Panie są profesjonalistkami. Z pewnością zawodostwo weźmie górę nad prywatnymi animozjami - uspokajał. Niestety, sytuacja się skomplikowała. Już nie tylko Edyta Górniak nienawidzi Dody i odmawia współpracy z nią. Także Justyna Steczkowska uwikłała się w ostry spór z nią.
Oficjalnym powodem odwołania projektu jest brak zainteresowania ze strony stacji telewizyjnych. Tak przynajmniej twierdzi firma Rochstar. Nieoficjalnie mówi się jednak, że Edyta zapowiedziała, że za nic w swiecie nie weźmie udziału w żadnym programie, w którym miałaby wystąpić Doda. Co do Steczkowskiej... Cóż, ona wystąpiła. I chyba trochę tego żałuje.
Edyta w czerwcu zrobiła awanturę przed nagraniami Rankingu gwiazd - mówi Życiu na gorąco pracownik jednej ze stacji telewizyjnych. Zgodziła się ostatecznie wziąć udział, ale bez Dody.
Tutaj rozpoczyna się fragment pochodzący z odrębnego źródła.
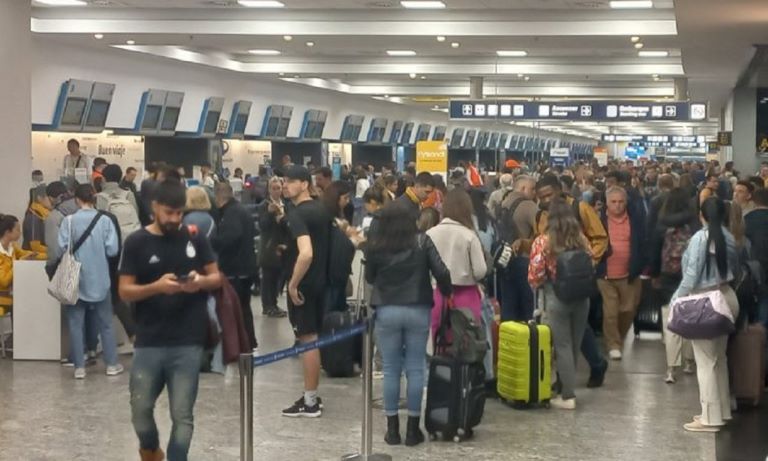 El Gobierno denunciará al sindicato aeronáutico APA por “el secuestro de pasajeros”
A co to za show bez Dody? Rooyens robi wszystko, żeby mogła wystąpić. Zapewnia, że da się tak skonstruować scenariusz, żeby Doda i Edzia nie miały ze sobą kontaktu. Problemu nie widzi także Maja Sablewska, menedżerka Dody:
Dorota nigdy nie atakowała Edyty Górniak - mówi. Owszem, dogryza jej, ale tylko gdy zostanie wywołana do tablicy. Przecież wiadomo, że królowa jest jedna.
Czy Doda dałaby sobie radę z Górniak i Steczkowską naraz? I po czyjej stronie stanęłaby Maryla? (Pytania retoryczne. Szkoda, że tego nie obejrzymy.)